Task directions: An exact copy of all the data, minus the images, is required.

Entries taken from a collection:
/---

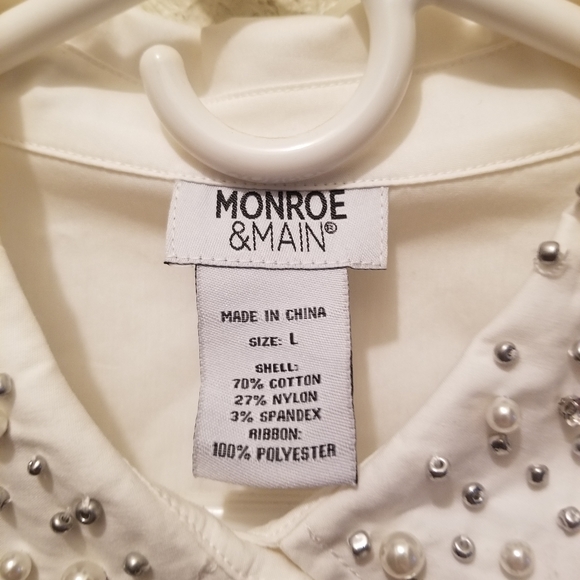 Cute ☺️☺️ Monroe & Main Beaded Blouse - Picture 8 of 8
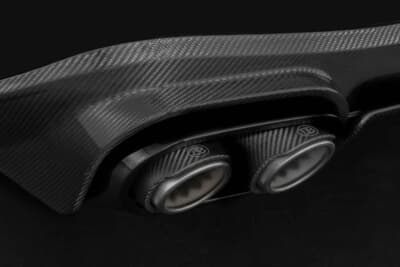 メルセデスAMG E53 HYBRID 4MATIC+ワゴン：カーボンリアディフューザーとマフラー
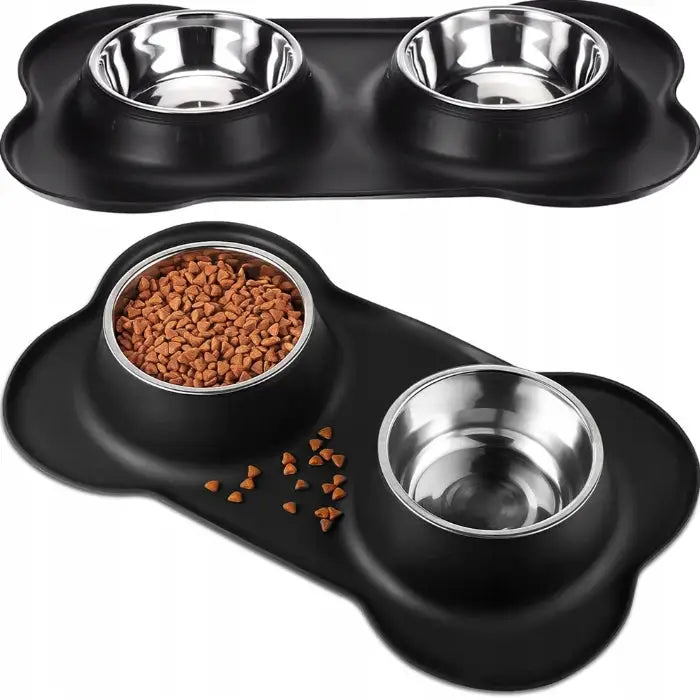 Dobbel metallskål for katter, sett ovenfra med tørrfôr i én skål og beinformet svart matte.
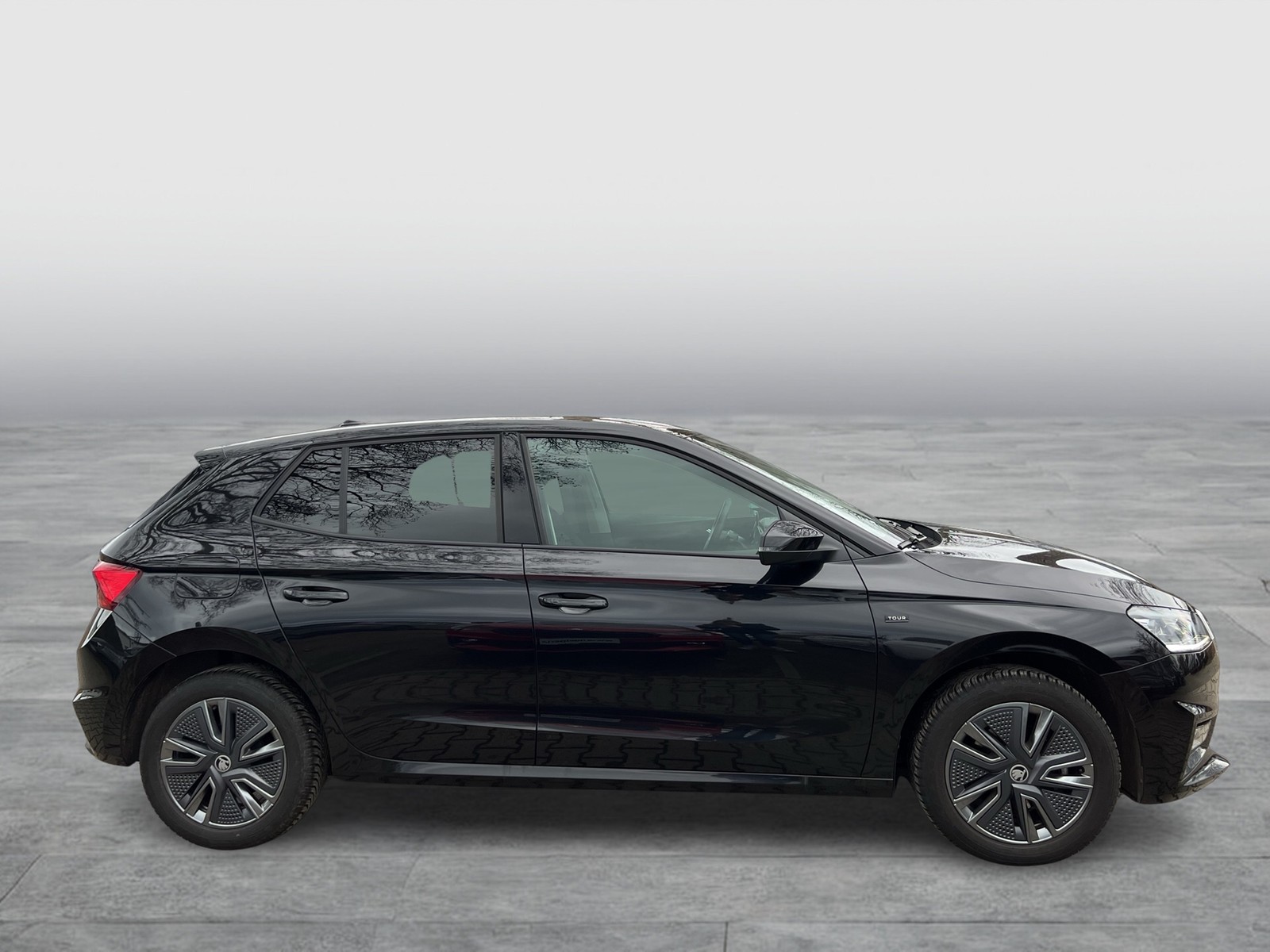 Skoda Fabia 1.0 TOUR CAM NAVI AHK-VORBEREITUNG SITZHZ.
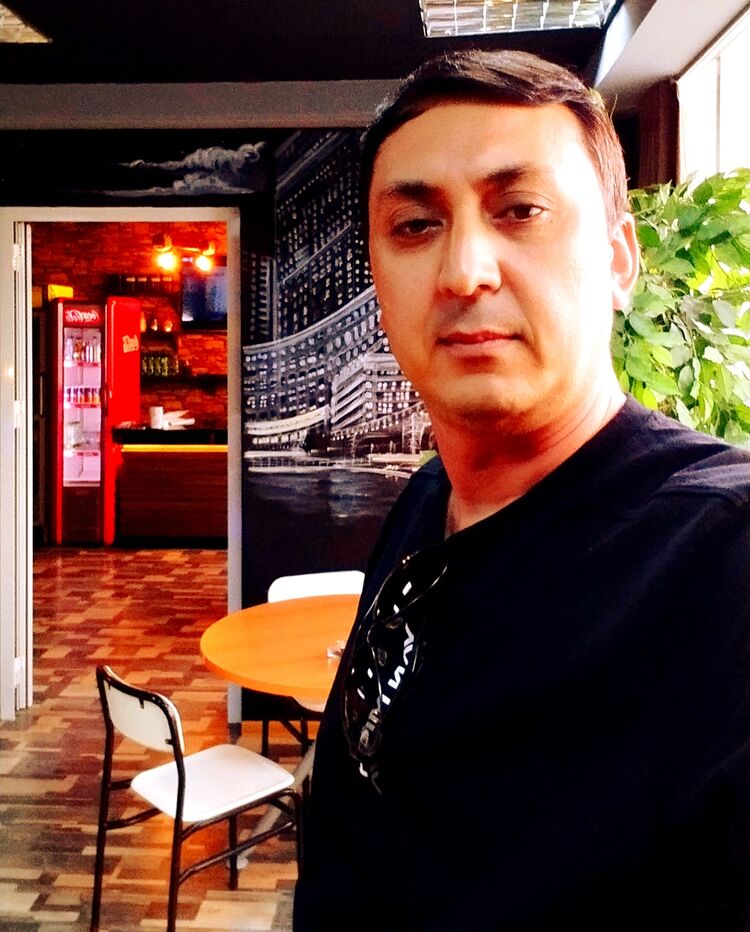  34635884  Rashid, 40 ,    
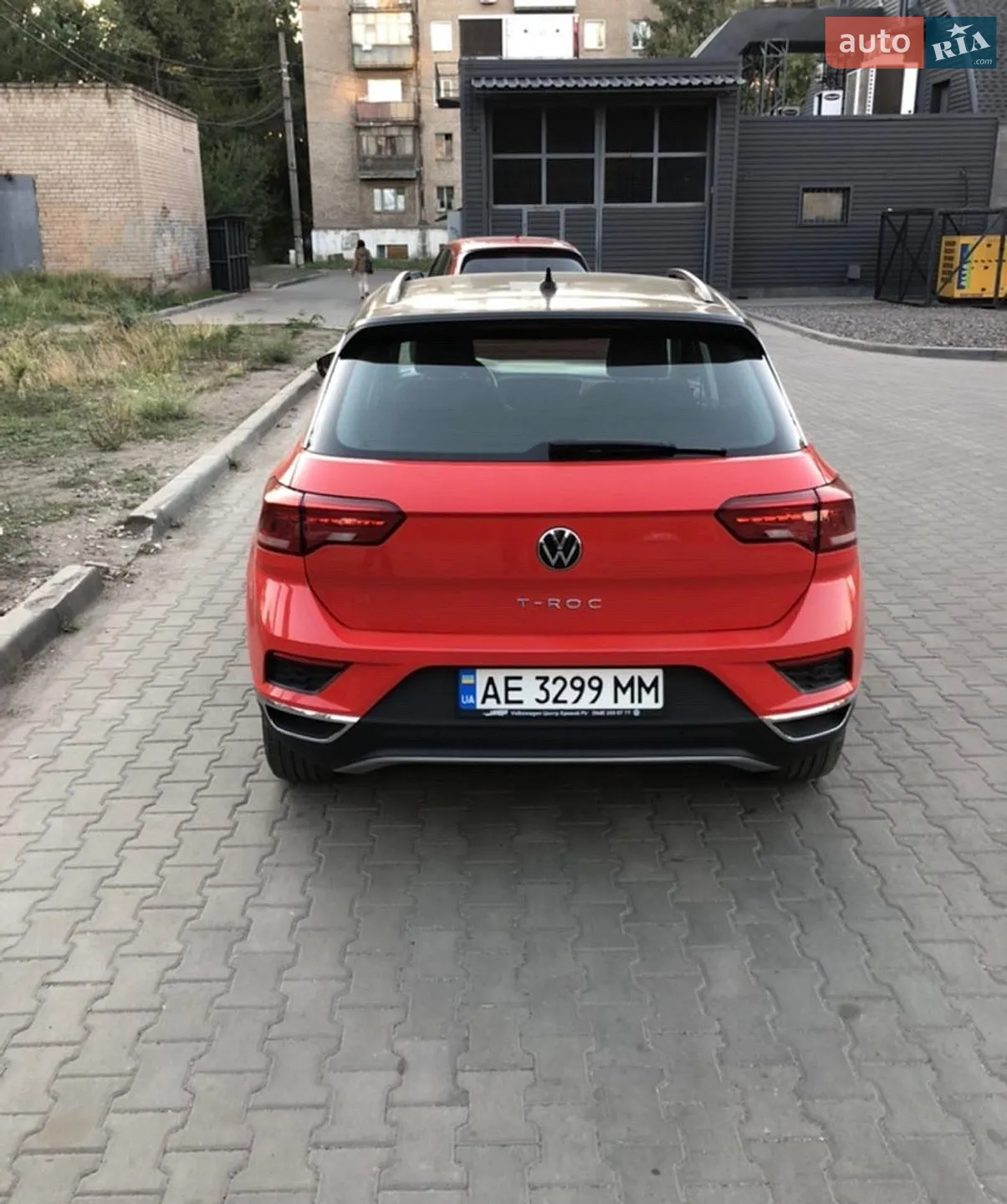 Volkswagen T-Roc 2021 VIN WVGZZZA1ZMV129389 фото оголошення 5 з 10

\---

Output for this task:
 Cute ☺️☺️ Monroe & Main Beaded Blouse - Picture 8 of 8
 メルセデスAMG E53 HYBRID 4MATIC+ワゴン：カーボンリアディフューザーとマフラー
 Dobbel metallskål for katter, sett ovenfra med tørrfôr i én skål og beinformet svart matte.
 Skoda Fabia 1.0 TOUR CAM NAVI AHK-VORBEREITUNG SITZHZ.
  34635884  Rashid, 40 ,    
 Volkswagen T-Roc 2021 VIN WVGZZZA1ZMV129389 фото оголошення 5 з 10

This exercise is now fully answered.